CiciTvJambi.com – Pemerintah Yerusalem memperingatkan bahaya serius akibat aktivitas penggalian bawah tanah yang dilakukan Israel di sekitar kawasan Masjid Al-Aqsa. Penggalian tersebut dinilai berpotensi merusak fondasi dan struktur bangunan salah satu situs paling suci umat Islam itu.
Penasihat Kegubernuran Yerusalem, Marouf Al-Rifai, mengungkapkan kekhawatiran mendalam atas proyek penggalian yang disebut melibatkan pembuatan jaringan terowongan yang menghubungkan sejumlah situs bersejarah di kawasan Kota Tua Yerusalem.
“Ini merupakan bagian dari rencana untuk merusak landmark bersejarah Islam, dan jelas melanggar hukum internasional maupun hukum Islam,” ujar Al-Rifai kepada WAFA News Agency, Rabu (22/10).
Menurut Al-Rifai, beberapa terowongan tersebut menghubungkan kawasan yang dikenal sebagai ‘Kota Daud’, melewati lorong-lorong batu kuno. Sebagian besar jalur tersebut awalnya merupakan kanal air bersejarah yang kini dikeringkan dan diubah menjadi terowongan wisata, museum, hingga sinagoge.
Salah satu yang paling mengkhawatirkan adalah terowongan ‘Pasar Jabbana’, yang kini difungsikan sebagai jalur wisata Yahudi. Al-Rifai menilai keberadaan terowongan ini dapat mengancam kestabilan tanah di bawah Masjid Al-Aqsa dan berpotensi menimbulkan kerusakan struktural.

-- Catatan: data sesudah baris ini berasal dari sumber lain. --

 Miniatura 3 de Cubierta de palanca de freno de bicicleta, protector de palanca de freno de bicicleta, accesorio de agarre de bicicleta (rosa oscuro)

Ia juga memperingatkan bahwa aktivitas penggalian tanpa metodologi ilmiah tersebut dapat menghancurkan landmark Palestina lain, seperti rumah-rumah bersejarah dan sekolah kuno di sekitar kawasan.

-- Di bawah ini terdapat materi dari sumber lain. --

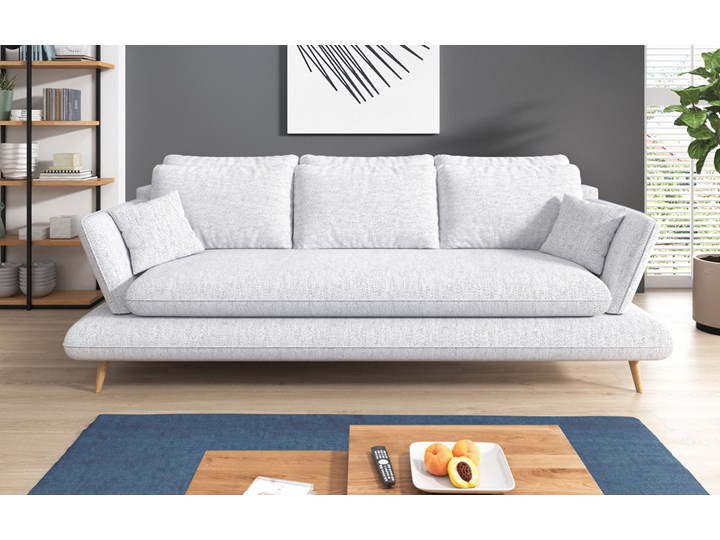 SELSEY Kanapa rozkładana Marinella 242 cm Nóżki Na nóżkach Głębokość 54 cm Głębokość 110 cm Stała konstrukcja Kolor Szary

“Penggalian ini tidak memiliki dasar ilmiah dan merupakan pelanggaran terhadap status quo di Kota Suci. Langkah ini jelas bermotif politik dan bertujuan memperluas kendali Israel atas situs-situs suci Yerusalem,” tegas Al-Rifai.
Pemerintah Yerusalem mendesak komunitas internasional untuk mengambil langkah tegas guna menghentikan penggalian dan melindungi situs bersejarah yang memiliki nilai spiritual tinggi bagi jutaan umat Muslim di seluruh dunia.